Column Krijn J. Poppe

Denemarken blijft het bont maken

2 Juni 2014 - Krijn J. Poppe

Even leek het erop dat de nertsenhouderij zijn Waterloo had gevonden en binnen tien jaar uit Nederland gaat verdwijnen. Maar de rechter heeft daar onlangs een stokje voor gestoken en daarmee het debat heropend: is het ethisch verantwoord om via intensieve veehouderij dieren te houden voor de productie van bont?

Al tijden vraag ik me af waarom die discussie in Nederland zo fel wordt gevoerd, terwijl in Denemarken (dat in veel aspecten toch zo vergelijkbaar is met Nederland) de bontindustrie op volle toeren draait en niet door zulke discussies wordt geplaagd.

Ook een journalist van het internationale opinieblad The Economist viel dat onlangs op. Het blad beschreef het Deens succes in bont als betrof het Hollywood of Sillicon Valley: 1.500 nertsenhouders fokken jaarlijks 17,2 miljoen dieren. De veiling hamert er, inclusief importen, 21 miljoen per jaar af voor een omzet van 2,1 miljard euro. De bedrijfstak is booming, zij het dat de prijzen recent fors (40 procent) zijn gedaald.

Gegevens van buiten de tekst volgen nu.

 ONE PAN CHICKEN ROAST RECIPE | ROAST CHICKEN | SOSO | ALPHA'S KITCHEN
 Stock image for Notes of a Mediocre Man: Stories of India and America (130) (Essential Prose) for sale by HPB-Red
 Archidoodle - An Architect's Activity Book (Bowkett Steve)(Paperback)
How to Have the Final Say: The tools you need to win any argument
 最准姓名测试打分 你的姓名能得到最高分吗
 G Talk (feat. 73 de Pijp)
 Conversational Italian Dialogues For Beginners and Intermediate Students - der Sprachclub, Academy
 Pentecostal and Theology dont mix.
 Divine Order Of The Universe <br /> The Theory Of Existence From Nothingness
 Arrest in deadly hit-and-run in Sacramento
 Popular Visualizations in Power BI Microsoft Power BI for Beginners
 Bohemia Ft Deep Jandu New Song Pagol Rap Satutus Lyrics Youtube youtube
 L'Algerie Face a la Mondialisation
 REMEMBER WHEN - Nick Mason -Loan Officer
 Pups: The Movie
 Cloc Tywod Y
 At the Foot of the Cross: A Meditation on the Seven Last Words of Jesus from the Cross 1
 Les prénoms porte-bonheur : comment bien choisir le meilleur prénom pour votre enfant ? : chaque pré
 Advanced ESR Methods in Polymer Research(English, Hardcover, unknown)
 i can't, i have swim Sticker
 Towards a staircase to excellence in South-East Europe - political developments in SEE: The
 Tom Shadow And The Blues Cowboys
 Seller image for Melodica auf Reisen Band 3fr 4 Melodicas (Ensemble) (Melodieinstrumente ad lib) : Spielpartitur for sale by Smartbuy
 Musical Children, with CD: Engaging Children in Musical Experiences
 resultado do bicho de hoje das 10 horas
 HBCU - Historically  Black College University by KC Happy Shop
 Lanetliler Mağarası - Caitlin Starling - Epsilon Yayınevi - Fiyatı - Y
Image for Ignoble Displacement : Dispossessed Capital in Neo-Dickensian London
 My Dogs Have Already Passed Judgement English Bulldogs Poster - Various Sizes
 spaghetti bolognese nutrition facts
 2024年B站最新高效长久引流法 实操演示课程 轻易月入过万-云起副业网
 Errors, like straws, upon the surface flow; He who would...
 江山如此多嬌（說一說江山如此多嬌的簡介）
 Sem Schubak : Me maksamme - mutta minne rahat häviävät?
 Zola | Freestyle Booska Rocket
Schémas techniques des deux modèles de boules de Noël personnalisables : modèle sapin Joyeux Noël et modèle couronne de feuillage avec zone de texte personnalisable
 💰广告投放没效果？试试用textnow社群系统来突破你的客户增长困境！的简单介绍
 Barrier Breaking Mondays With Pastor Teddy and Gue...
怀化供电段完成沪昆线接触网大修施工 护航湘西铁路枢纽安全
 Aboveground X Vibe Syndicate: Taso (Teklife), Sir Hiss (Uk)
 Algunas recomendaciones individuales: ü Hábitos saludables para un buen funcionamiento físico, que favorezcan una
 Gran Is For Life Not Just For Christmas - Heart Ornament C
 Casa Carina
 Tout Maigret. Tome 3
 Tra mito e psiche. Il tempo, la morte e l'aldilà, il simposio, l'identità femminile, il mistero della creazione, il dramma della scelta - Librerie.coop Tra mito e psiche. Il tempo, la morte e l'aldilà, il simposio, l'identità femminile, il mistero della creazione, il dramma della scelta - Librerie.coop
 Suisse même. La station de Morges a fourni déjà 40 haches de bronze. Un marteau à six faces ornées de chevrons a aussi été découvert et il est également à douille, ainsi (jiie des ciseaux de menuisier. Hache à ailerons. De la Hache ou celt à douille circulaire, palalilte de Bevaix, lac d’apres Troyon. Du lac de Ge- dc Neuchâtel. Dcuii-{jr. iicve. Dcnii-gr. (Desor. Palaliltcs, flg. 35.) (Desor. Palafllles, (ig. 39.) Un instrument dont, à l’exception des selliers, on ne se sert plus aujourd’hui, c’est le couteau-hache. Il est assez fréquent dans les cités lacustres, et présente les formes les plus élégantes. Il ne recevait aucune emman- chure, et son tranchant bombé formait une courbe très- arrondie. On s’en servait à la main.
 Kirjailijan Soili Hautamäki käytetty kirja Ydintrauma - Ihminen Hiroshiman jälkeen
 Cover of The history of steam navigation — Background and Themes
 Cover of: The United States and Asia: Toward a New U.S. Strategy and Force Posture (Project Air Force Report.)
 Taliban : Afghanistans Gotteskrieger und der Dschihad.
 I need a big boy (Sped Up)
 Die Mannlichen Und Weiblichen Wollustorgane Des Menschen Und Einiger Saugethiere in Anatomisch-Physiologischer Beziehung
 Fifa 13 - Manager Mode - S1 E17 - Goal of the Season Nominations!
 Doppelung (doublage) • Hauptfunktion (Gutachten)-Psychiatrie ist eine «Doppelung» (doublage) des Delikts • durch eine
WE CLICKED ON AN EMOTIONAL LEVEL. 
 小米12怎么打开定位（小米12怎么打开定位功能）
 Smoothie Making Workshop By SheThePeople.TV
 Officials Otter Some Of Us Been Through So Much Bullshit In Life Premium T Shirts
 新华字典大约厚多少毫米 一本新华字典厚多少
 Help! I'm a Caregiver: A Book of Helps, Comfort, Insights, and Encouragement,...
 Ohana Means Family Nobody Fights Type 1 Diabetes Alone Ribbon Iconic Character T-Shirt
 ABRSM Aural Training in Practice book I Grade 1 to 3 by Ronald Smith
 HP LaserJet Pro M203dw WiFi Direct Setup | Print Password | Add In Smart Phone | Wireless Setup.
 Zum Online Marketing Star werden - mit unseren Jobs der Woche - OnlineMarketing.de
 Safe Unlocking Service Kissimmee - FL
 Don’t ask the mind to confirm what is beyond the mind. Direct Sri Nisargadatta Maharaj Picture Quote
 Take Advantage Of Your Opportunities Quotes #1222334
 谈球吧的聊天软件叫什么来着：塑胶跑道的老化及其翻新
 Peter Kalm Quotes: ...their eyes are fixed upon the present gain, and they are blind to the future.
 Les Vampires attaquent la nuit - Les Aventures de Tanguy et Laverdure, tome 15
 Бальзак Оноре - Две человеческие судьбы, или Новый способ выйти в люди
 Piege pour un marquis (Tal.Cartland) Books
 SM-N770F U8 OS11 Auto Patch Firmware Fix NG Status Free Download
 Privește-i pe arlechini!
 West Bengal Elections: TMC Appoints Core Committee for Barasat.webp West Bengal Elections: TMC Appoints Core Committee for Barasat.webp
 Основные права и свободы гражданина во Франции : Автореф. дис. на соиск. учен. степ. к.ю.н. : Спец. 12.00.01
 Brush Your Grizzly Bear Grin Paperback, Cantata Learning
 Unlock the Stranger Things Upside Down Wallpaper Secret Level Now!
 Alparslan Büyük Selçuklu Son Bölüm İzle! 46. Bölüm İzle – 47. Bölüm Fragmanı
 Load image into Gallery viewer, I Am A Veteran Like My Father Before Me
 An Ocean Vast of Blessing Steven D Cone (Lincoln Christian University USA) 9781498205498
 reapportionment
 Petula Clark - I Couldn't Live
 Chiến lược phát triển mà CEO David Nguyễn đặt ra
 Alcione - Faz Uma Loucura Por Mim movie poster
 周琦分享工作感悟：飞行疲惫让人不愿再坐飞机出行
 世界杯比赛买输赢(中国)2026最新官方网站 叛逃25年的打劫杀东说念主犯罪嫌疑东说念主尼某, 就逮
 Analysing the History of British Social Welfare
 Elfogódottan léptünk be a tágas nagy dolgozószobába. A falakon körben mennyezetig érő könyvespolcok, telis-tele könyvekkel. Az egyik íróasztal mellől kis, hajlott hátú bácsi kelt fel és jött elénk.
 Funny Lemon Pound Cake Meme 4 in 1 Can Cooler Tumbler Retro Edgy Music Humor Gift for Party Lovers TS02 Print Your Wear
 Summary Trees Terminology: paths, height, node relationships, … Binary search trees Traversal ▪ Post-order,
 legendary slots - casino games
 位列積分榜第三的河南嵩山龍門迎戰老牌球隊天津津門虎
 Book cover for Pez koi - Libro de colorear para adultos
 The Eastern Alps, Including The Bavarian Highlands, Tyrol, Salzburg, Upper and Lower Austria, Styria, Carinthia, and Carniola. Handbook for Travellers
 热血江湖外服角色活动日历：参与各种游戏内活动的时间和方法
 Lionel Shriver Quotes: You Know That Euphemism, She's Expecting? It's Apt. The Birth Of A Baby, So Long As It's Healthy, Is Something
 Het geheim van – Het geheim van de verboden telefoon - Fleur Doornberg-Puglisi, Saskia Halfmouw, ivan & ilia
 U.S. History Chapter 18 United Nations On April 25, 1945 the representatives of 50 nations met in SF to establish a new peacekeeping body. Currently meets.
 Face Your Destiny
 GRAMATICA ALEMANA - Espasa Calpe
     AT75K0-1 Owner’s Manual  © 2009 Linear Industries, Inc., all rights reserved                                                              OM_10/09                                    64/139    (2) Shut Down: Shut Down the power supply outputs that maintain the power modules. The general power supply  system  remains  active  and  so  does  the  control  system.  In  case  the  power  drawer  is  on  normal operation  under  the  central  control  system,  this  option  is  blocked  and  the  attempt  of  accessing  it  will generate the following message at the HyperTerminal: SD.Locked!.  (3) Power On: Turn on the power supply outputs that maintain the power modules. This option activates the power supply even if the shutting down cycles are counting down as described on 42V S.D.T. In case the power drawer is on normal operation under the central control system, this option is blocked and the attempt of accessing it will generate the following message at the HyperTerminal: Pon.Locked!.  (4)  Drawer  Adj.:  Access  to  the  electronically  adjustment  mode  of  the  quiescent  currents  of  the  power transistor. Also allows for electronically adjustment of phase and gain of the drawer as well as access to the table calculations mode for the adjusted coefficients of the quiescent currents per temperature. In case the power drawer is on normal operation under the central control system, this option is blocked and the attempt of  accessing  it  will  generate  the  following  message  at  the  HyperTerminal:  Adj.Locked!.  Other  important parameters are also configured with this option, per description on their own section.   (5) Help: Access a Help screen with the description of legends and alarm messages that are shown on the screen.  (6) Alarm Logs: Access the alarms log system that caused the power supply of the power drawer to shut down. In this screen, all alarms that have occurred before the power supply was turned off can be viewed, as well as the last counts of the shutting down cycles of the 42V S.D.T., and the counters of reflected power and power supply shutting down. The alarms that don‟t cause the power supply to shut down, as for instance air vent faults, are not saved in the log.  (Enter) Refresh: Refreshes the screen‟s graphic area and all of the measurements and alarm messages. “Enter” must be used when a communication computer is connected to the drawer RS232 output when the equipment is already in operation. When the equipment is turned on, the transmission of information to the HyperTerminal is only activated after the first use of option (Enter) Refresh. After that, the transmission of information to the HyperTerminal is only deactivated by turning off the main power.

De veehouders doen daar volgens het opinieblad nogal luchtig over, ze hebben de afgelopen vijf jaar gemiddeld per bedrijf een slordige 365.000 euro per jaar aan winst gemaakt. Zij kunnen dus wel tegen een stootje, de shake out zou volgens hen bij nieuwe toetreders in Oost-Europa moeten plaatsvinden.

Dat alles roept de vraag op hoe de Denen die centrumfunctie voor elkaar hebben gekregen. Om te beginnen door de sterke agrarische sector waar veel afval uit komt, in de vorm van organen, vismeel en ander afval. En de Deense industrie weet dat op te werken tot zeer goed veevoer, dat bepaalt de kwaliteit van de pels. Deense pelsen doen 20 procent boven de wereldmarktprijs. En inmiddels wordt afval uit de pelsdierindustrie weer verwerkt in de biobased economy tot biobrandstof voor de autobussen in Aarhus.

Tweede oorzaak van het succes is de marketing. De Denen hebben in de jaren 90 de Chinezen doen inzien dat bont een teken van welvaart is, de logische opvolger voor het Mao-jasje. De Deense coöperatie heeft een compleet kantoor in China met een design studio en haalt top-designers regelmatig naar sessies in Kopenhagen. De helft van de 600 inkopers is daar Chinees en het veilinggebouw is er op ingericht. Het innovatielab in Kopenhagen denkt na over motorhelmen met bont, iPad hoesjes van bont en meer van dat soort ideeën.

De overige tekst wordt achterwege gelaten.